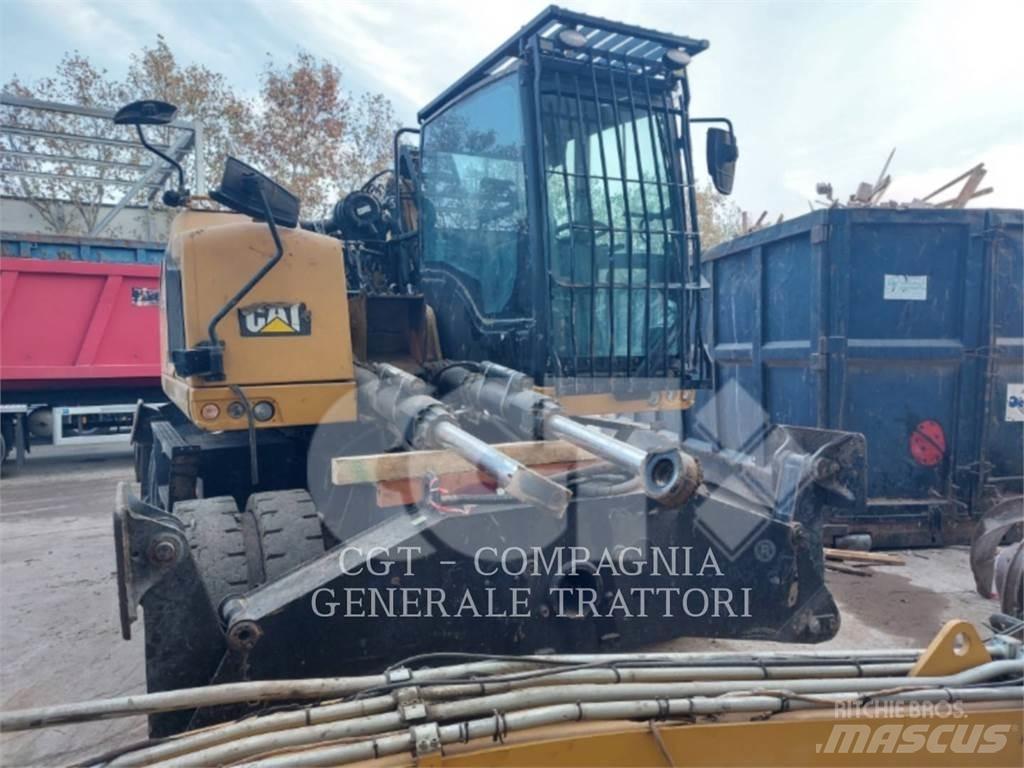 CAT MH3024 Pelle sur pneus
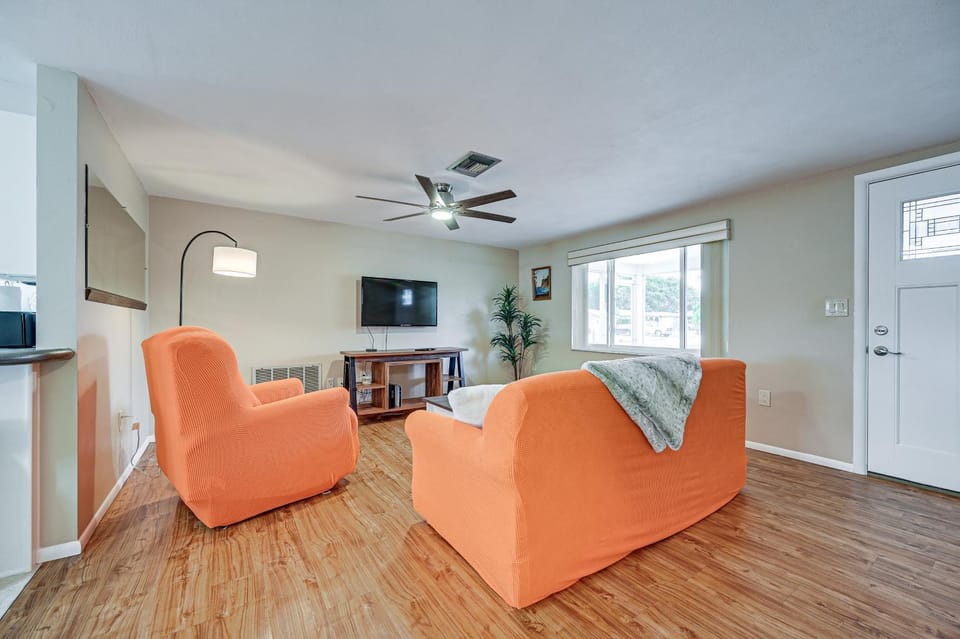 Stylish Port Richey Home ~ 8 Mi to Beach Park! House in Bayonet Point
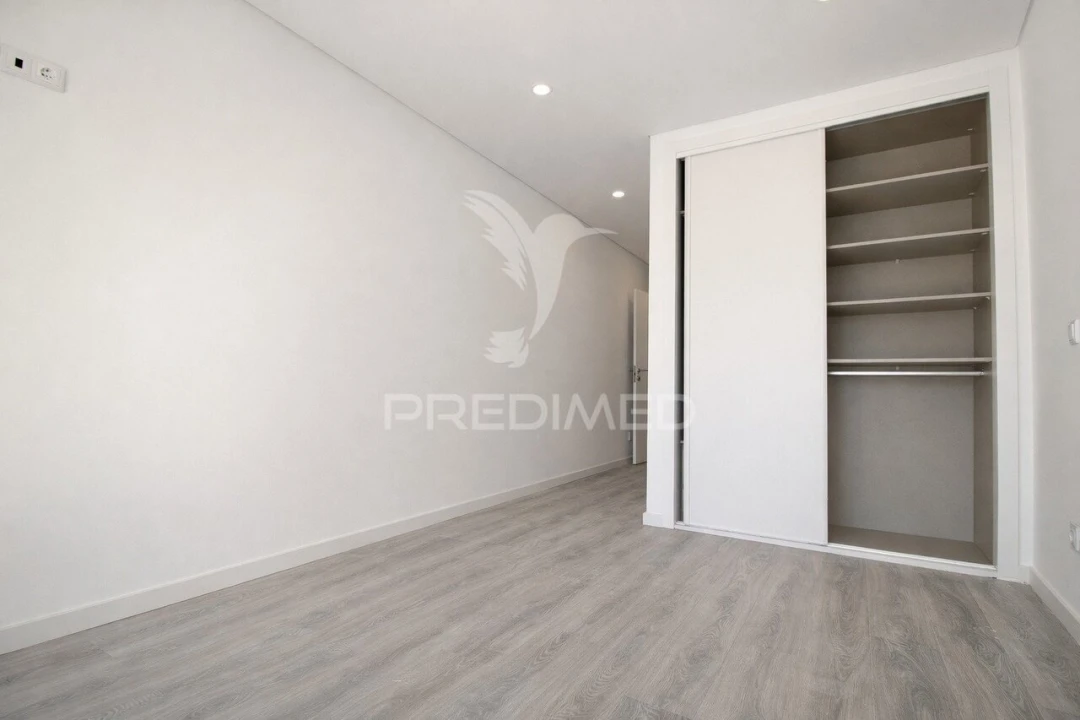 Apartamento T2 para Venda em Charneca de Caparica e Sobreda Foto 12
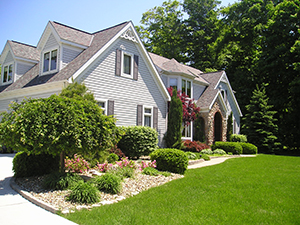 Landscapers and Lawncare Services in Linn, MO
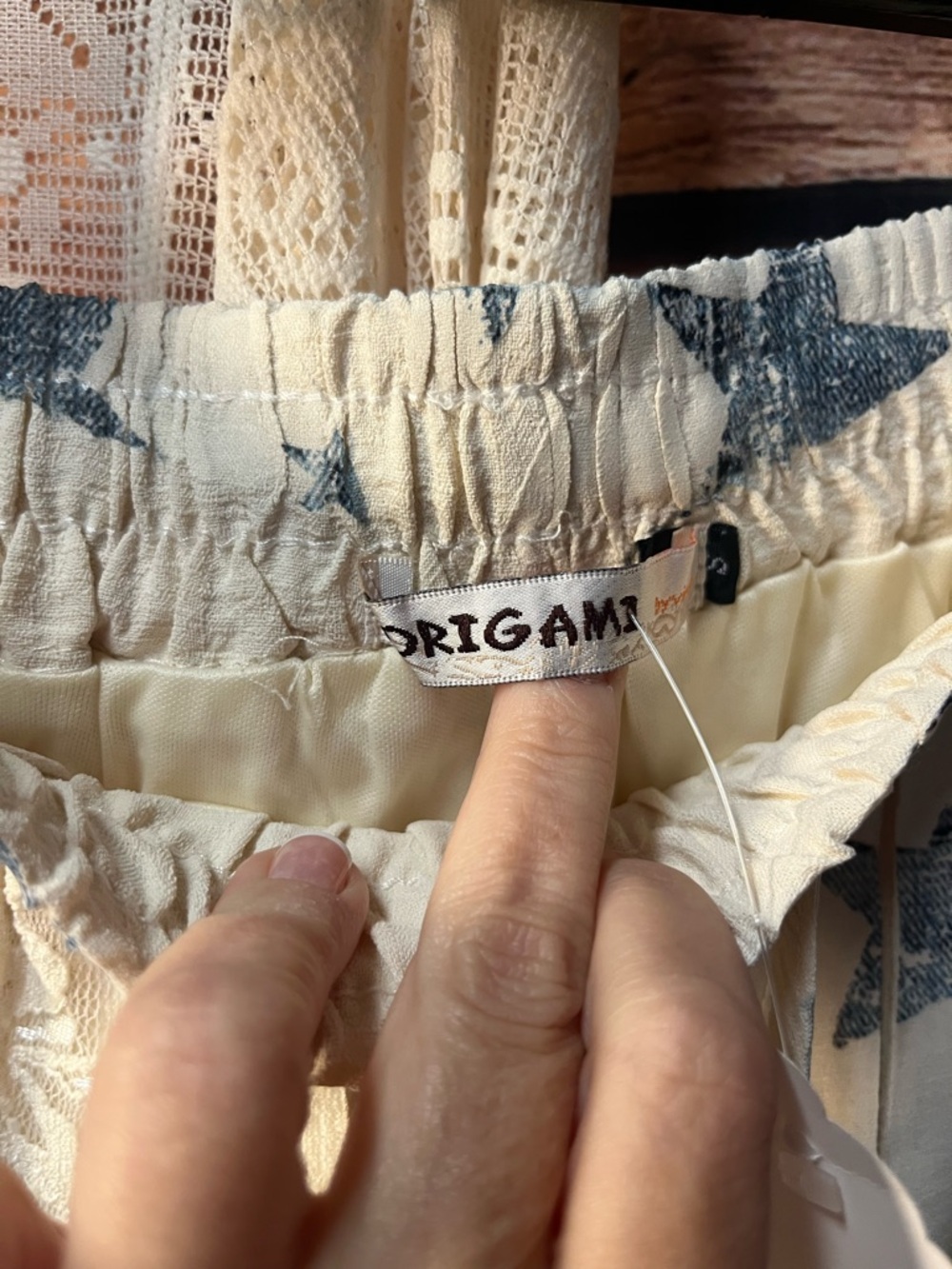 Origami Brand NWT Star Lace Sequin Patch Shorts (260) - Picture 4 of 9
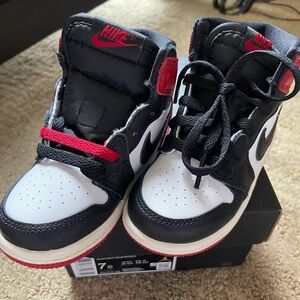 7C Toddler Jordan 1 Retro High OG “Black Toe Reimagined”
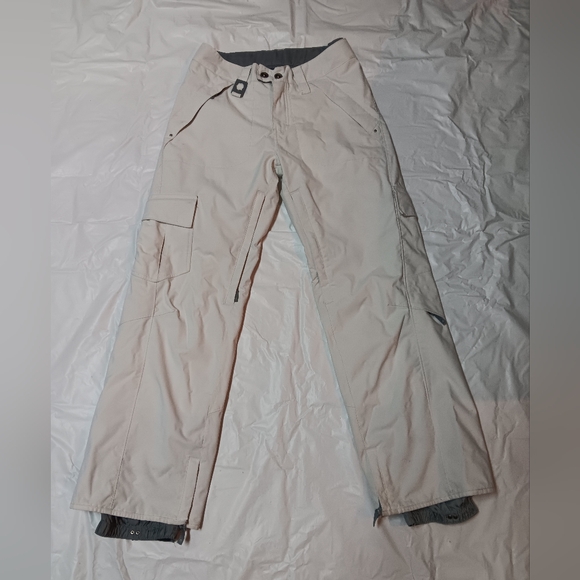 Empyre Women's White- Cream Snow Cargo Pants Size S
========================
WORK REQUIRED: Starting at the line that holds "Landscapers and Lawncare", print each line through the last one of the entries above, exactly and with both ends included; no pictures.

YOUR SOLUTION:
 Landscapers and Lawncare Services in Linn, MO
 Origami Brand NWT Star Lace Sequin Patch Shorts (260) - Picture 4 of 9
 7C Toddler Jordan 1 Retro High OG “Black Toe Reimagined”
 Empyre Women's White- Cream Snow Cargo Pants Size S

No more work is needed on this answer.